The Spanish government is to partially withdraw new taxation rules on energy facilities that looked certain to seriously damage the profitability of wind farms.
A ‘windfall tax’ on wind farm revenues that entered force on 15 September mandated all zero-carbon electricity production facilities in mainland Spain to "give back" any excess remuneration to the electricity system.
The temporary measure, which was introduced to mitigate the impact of rising gas prices on Spanish consumers, threatened revenues at existing wind farms and investment in future projects, the industry said at the time.

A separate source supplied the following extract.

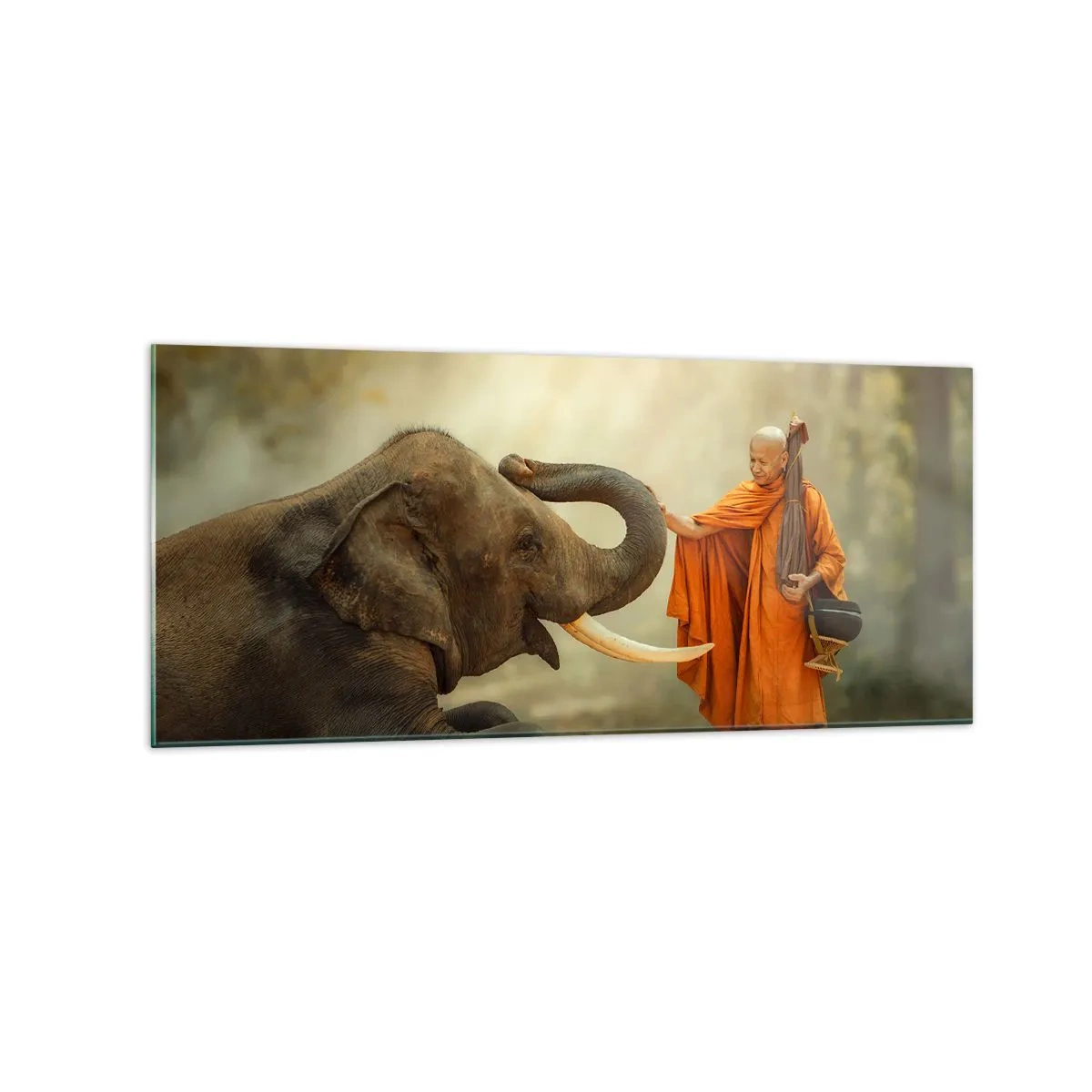 Impression sur verre - Image sur verre - Un moine et un éléphant en harmonie avec la nature en toile de fond - 120x50cm - Rencontre en voyageant - Décoration murale moderne pour le salon et la chambre ARTTOR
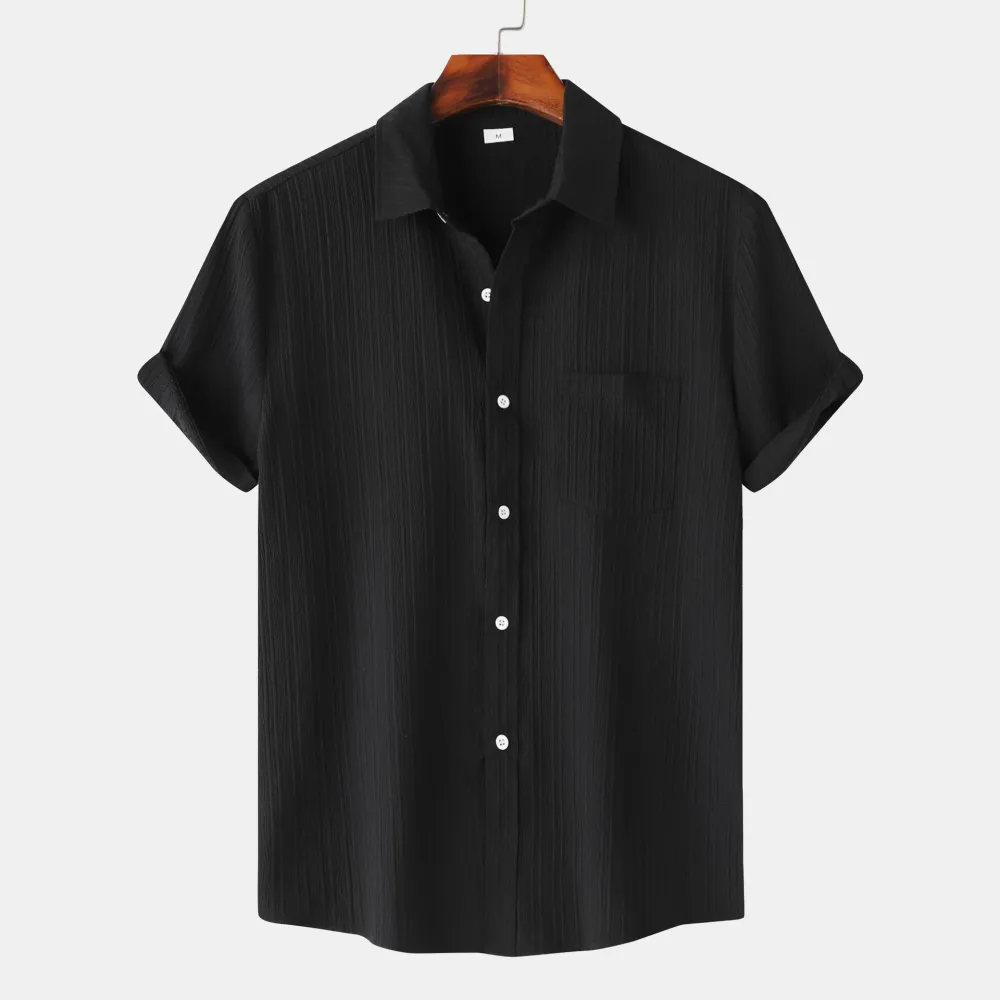2025 Summer New Men'S Solid Color Lapel Short Sleeve Shirt Men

Big utility players shied away from Spain’s latest renewables power auction last month. Industry body WindEurope linked companies’ decisions to not compete with the government plans to claw back revenue from wind farms.
Welcoming the government’s decision to retract the bulk of the measures, WindEurope stated that it was “good news” that, under the revised plan, “any installation that can prove it has any type of PPA or financial hedging not indexed to the spot price will be exempted from the clawback”.
The exemption will also apply to new power purchase agreements (PPAs), providing more security to investors — including on merchant projects — than the previous measures, the association added.
A WindEurope spokesman told Windpower Monthly the exemption should apply to most Spanish wind farms, with only a “limited minority” still affected by the charges.
WindEurope chief policy officer Pierre Tardieu said: “Retracting the clawback measures is a step in the right direction. Without a good regulatory framework that gives investors certainty, it will not be possible for Spain to reach its climate targets cost effectively.”
The Spanish wind energy association, AEE, was contacted for comment.